▸ **WHAT YOU WILL DO**
Take the line with "Luxury American Jacquard" and every line after it in the entries below, and set them down exactly, without any pictures.

[Start of section]

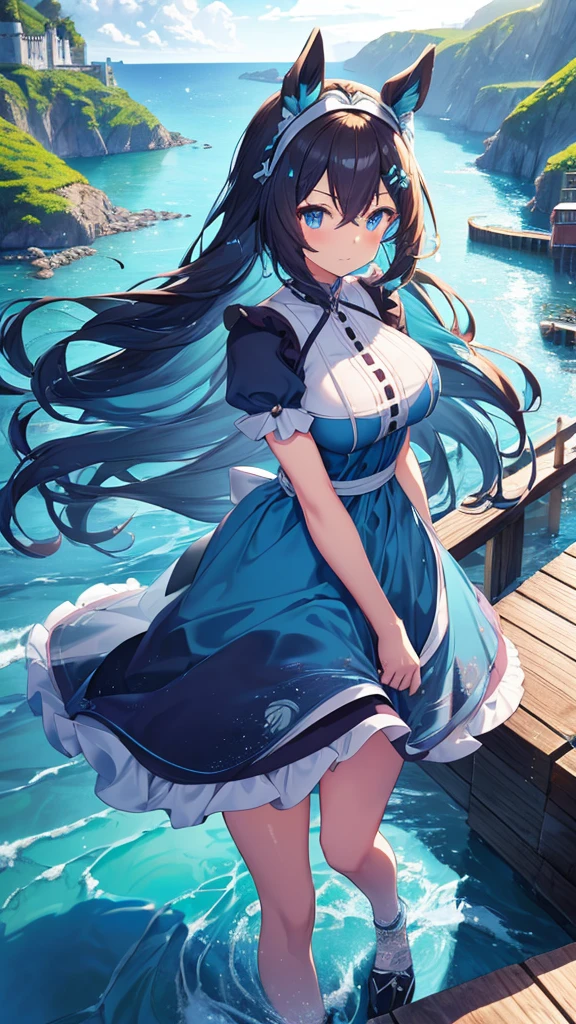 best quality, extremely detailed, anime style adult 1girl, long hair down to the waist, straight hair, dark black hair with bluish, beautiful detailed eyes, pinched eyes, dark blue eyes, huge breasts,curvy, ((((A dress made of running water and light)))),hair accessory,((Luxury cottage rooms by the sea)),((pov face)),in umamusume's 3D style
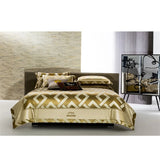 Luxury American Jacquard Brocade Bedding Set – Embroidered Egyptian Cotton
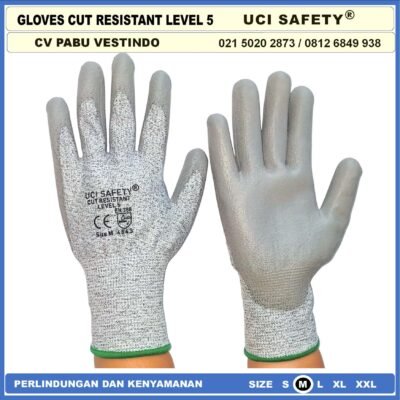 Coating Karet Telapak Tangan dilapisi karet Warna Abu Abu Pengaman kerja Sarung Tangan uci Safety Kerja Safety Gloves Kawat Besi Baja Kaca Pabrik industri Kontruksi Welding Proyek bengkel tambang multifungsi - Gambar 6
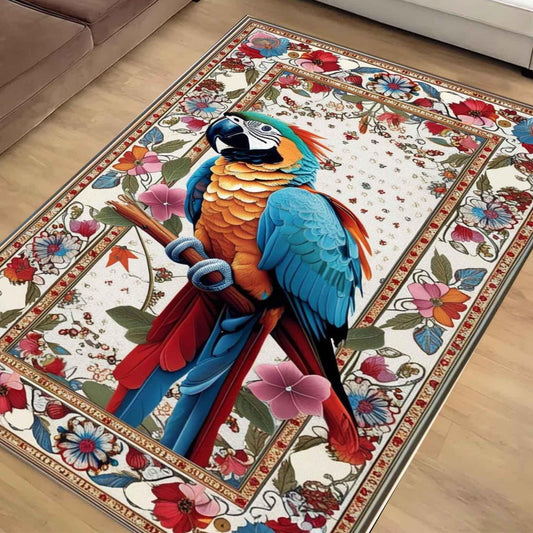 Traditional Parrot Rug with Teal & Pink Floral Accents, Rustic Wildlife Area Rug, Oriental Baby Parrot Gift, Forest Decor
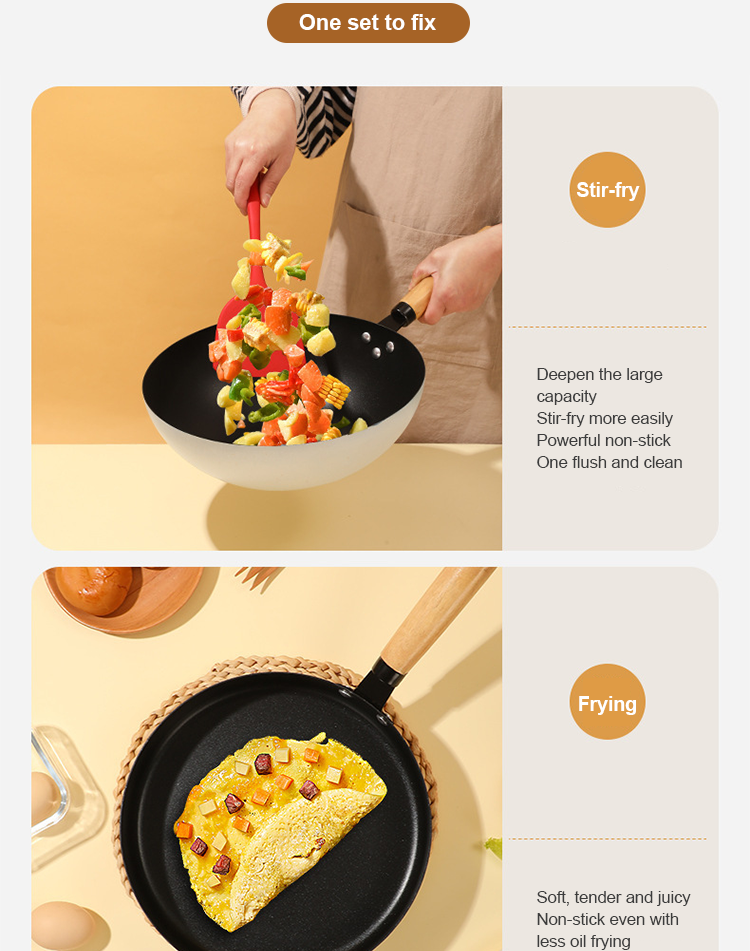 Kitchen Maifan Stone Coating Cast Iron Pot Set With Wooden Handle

[End of section]

▸ **REPLY**
 Luxury American Jacquard Brocade Bedding Set – Embroidered Egyptian Cotton
 Coating Karet Telapak Tangan dilapisi karet Warna Abu Abu Pengaman kerja Sarung Tangan uci Safety Kerja Safety Gloves Kawat Besi Baja Kaca Pabrik industri Kontruksi Welding Proyek bengkel tambang multifungsi - Gambar 6
 Traditional Parrot Rug with Teal & Pink Floral Accents, Rustic Wildlife Area Rug, Oriental Baby Parrot Gift, Forest Decor
 Kitchen Maifan Stone Coating Cast Iron Pot Set With Wooden Handle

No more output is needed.